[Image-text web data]
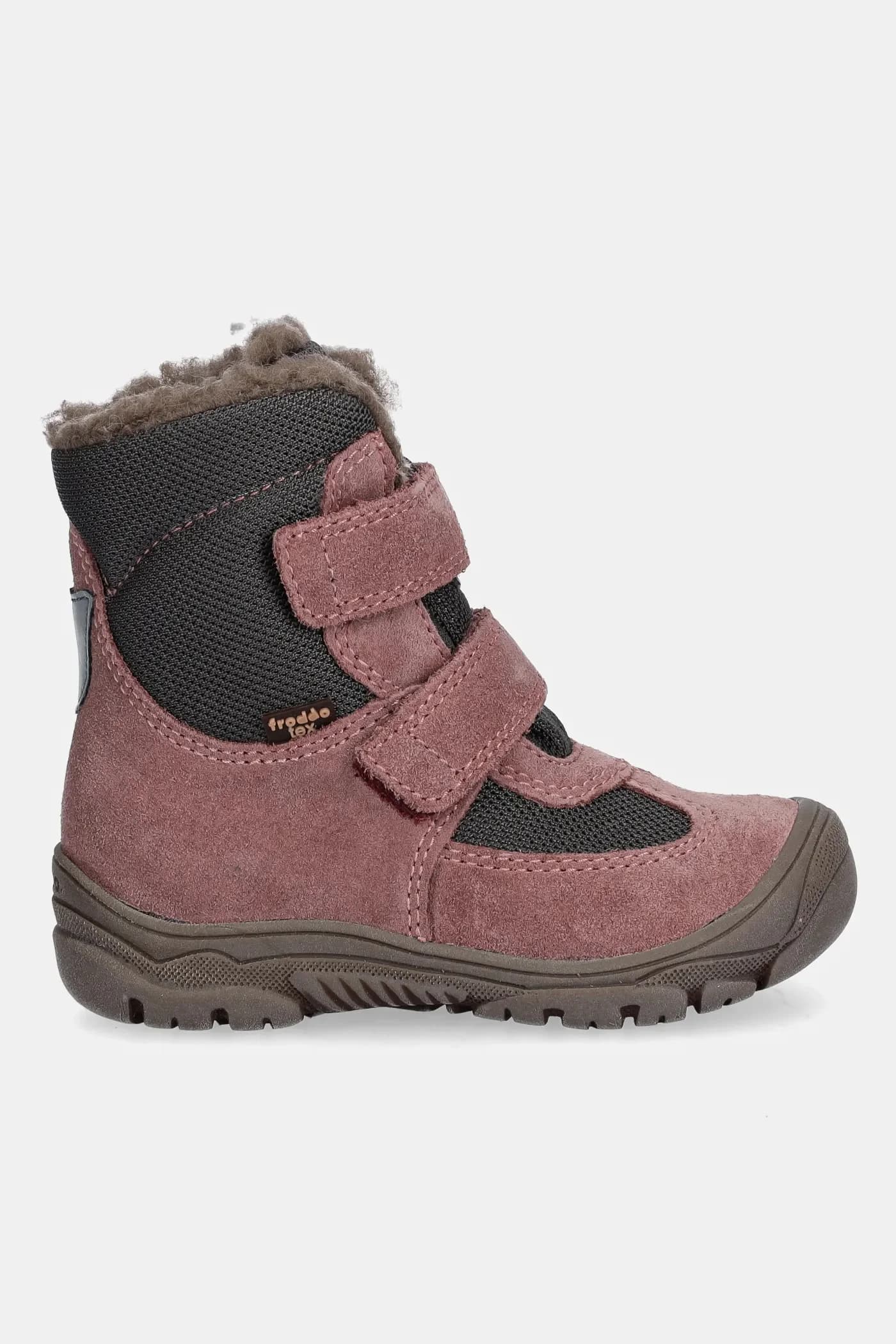 Детская зимняя обувь LINZ WOOL TEX HIGH - фото 2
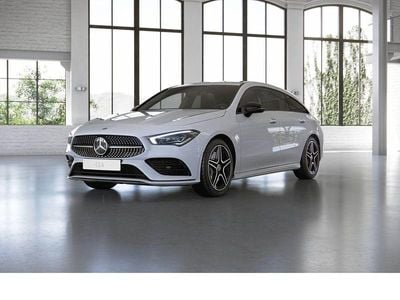 Mercedes CLA220 Shooting Brake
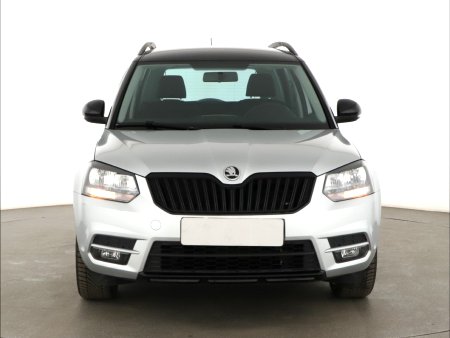 Škoda Yeti, 2015 - pohled č. 2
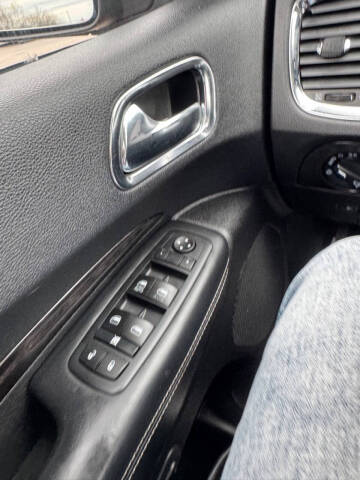 2015 Dodge Durango Citadel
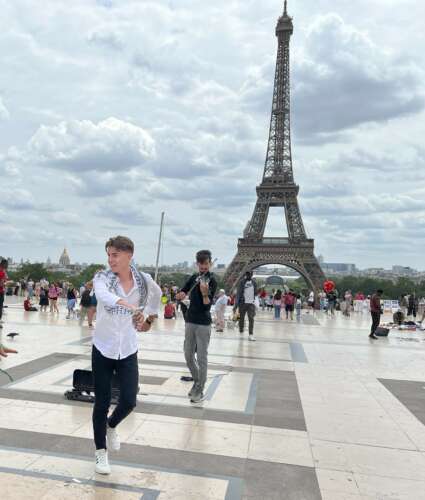 Mohammed Troca seul 002 L’inquiétante étrangeté de ne plus être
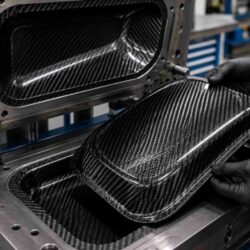 Custom Carbon Fibre Moulding for Durable Composite Components..
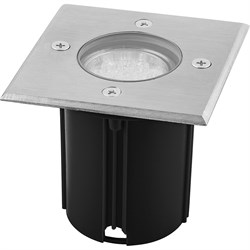 Светильник Тротуарный   G5.3, встраиваемый (ДВУ) FERON SP3733, 7W, 4000К (белый натуральный), 230V/50Г 11857 - фото 78176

## [Goal of the exercise]
Without any pictures, please reproduce the full set of entries.

## [Response to the task]
 Детская зимняя обувь LINZ WOOL TEX HIGH - фото 2
 Mercedes CLA220 Shooting Brake
 Škoda Yeti, 2015 - pohled č. 2
 2015 Dodge Durango Citadel
 Mohammed Troca seul 002 L’inquiétante étrangeté de ne plus être
 Custom Carbon Fibre Moulding for Durable Composite Components..
 Светильник Тротуарный   G5.3, встраиваемый (ДВУ) FERON SP3733, 7W, 4000К (белый натуральный), 230V/50Г 11857 - фото 78176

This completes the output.